What the exercise asks →
Pictures must not appear in the copy. Reproduce exactly, and only, the lines from the one with "Cheese cabinet - dual temperature storage" through the end of the data below.

Recorded data →
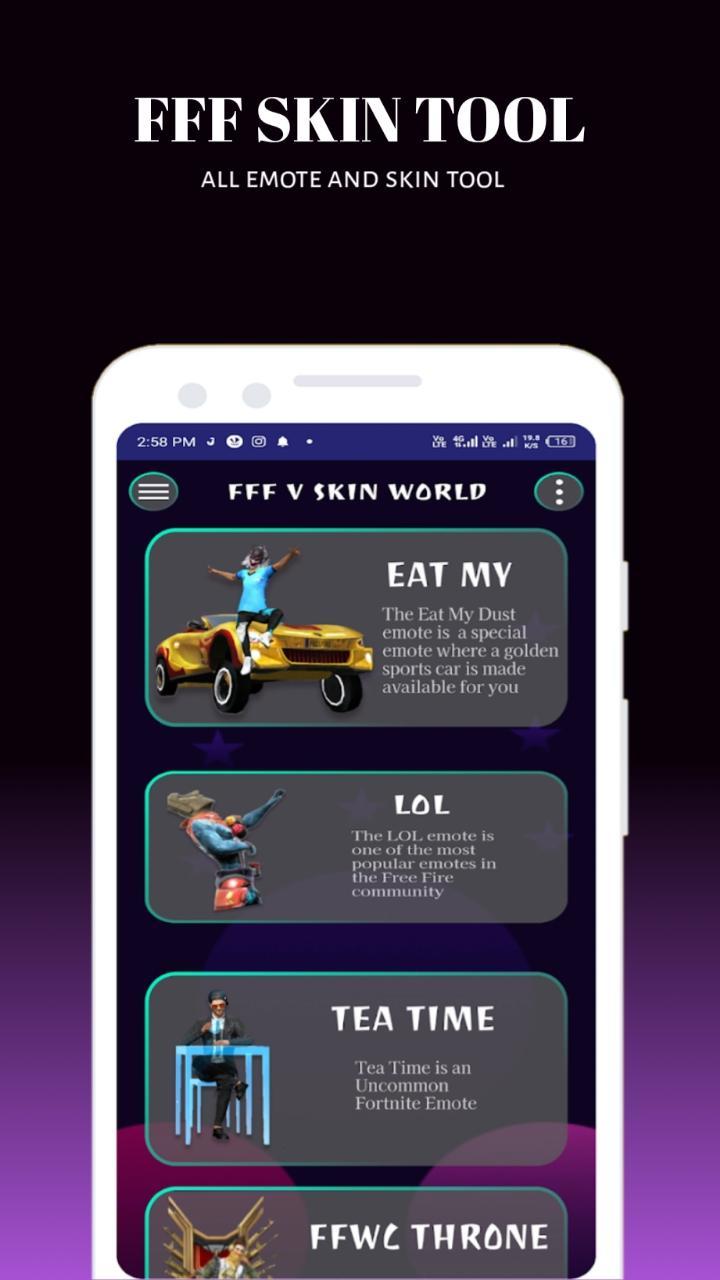 FFF FF Skin Tools screenshot image 10_Popularmodapk.com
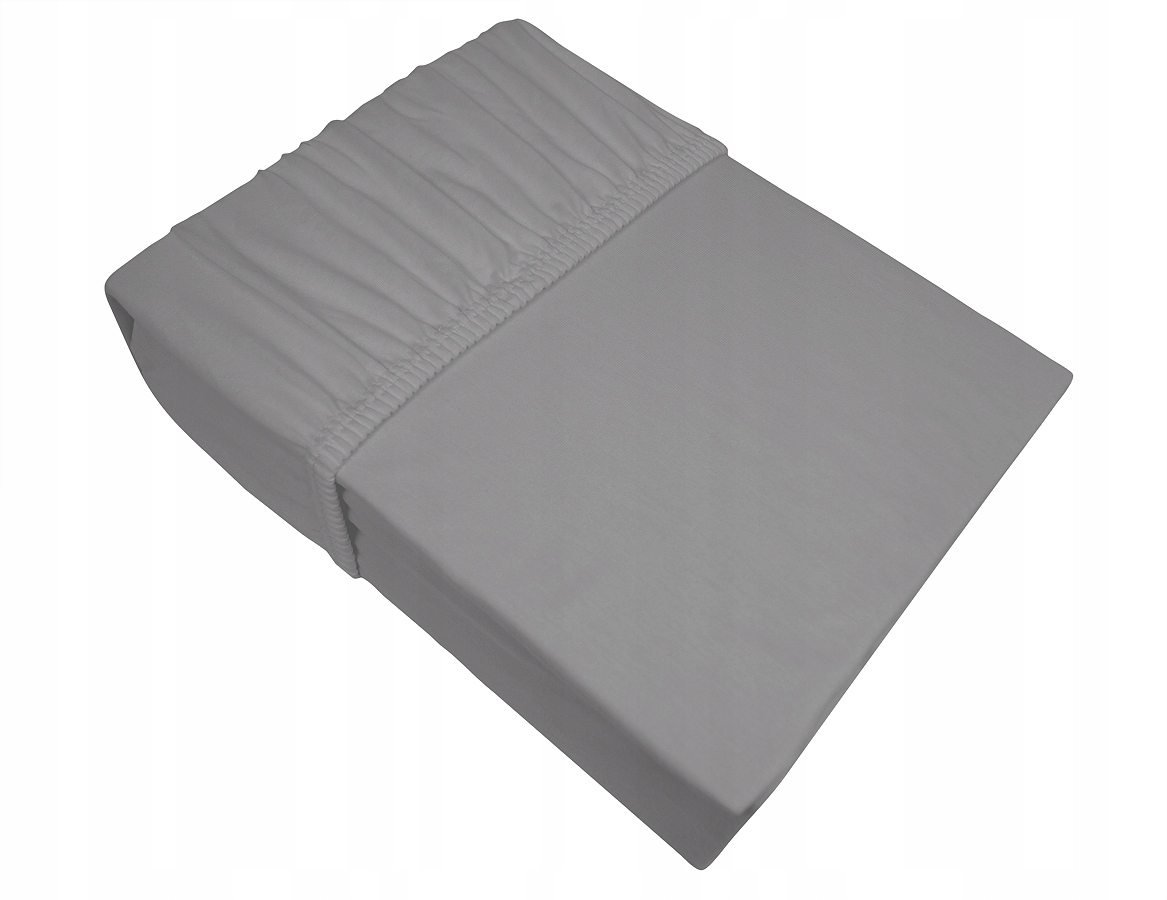 

Prześcieradło Jersey z gumką 100x200 Bielbaw stalo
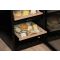 Cheese cabinet - dual temperature storage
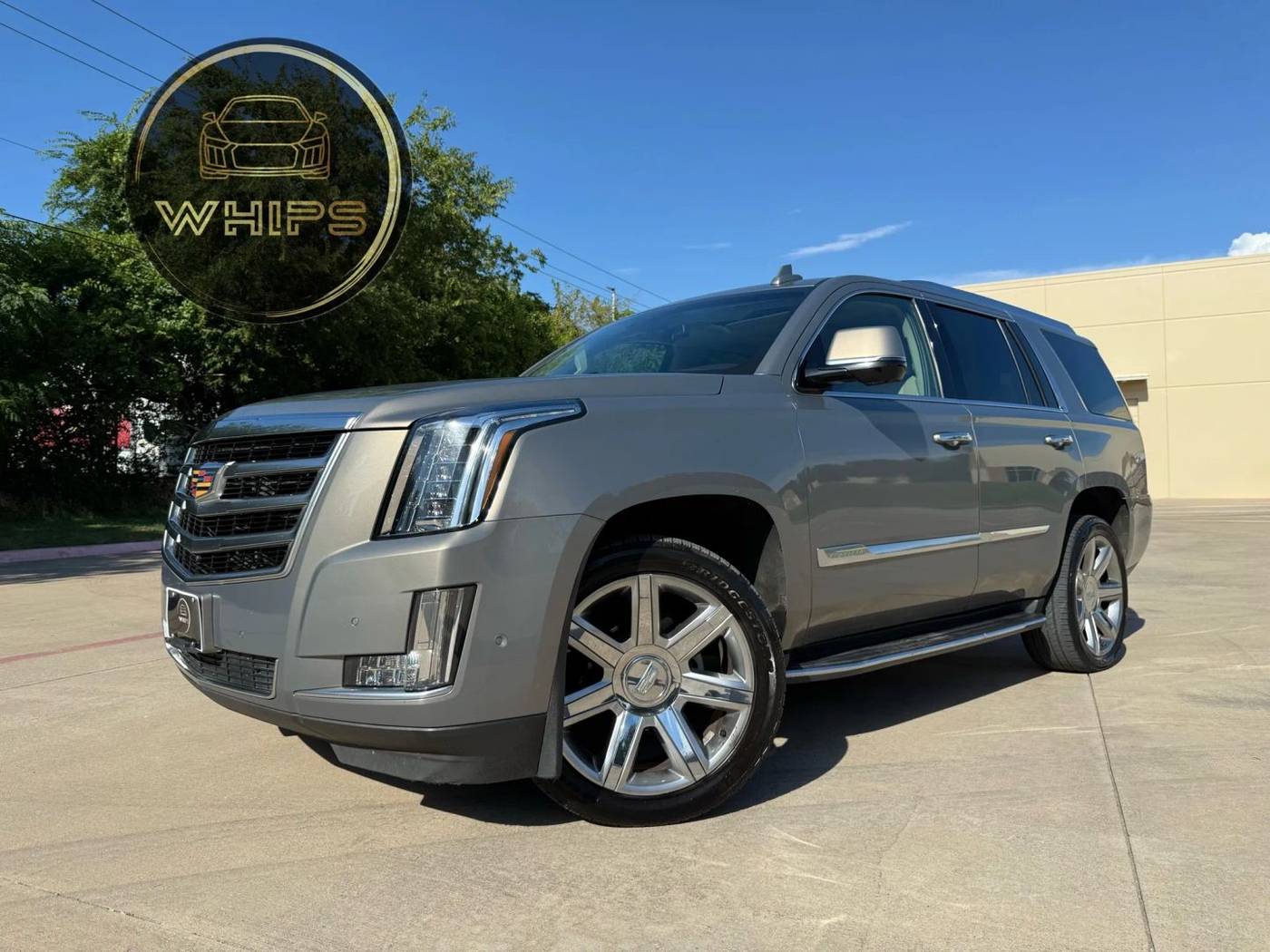2017 Cadillac Escalade Luxury — SUV — 129,213 mi — Addison, TX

Result for this task →
 Cheese cabinet - dual temperature storage
2017 Cadillac Escalade Luxury — SUV — 129,213 mi — Addison, TX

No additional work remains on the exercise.